[Start of section]

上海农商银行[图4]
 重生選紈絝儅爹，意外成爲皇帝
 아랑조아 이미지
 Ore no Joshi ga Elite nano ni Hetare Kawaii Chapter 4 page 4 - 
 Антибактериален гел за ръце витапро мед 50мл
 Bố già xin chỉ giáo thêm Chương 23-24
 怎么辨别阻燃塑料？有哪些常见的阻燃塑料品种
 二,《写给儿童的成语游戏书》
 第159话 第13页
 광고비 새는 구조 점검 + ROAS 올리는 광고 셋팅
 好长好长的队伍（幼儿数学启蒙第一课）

[End of section]

*Problem details*. Output all of the listing exactly as written.

*The answer*.
上海农商银行[图4]
 重生選紈絝儅爹，意外成爲皇帝
 아랑조아 이미지
 Ore no Joshi ga Elite nano ni Hetare Kawaii Chapter 4 page 4 - 
 Антибактериален гел за ръце витапро мед 50мл
 Bố già xin chỉ giáo thêm Chương 23-24
 怎么辨别阻燃塑料？有哪些常见的阻燃塑料品种
 二,《写给儿童的成语游戏书》
 第159话 第13页
 광고비 새는 구조 점검 + ROAS 올리는 광고 셋팅
 好长好长的队伍（幼儿数学启蒙第一课）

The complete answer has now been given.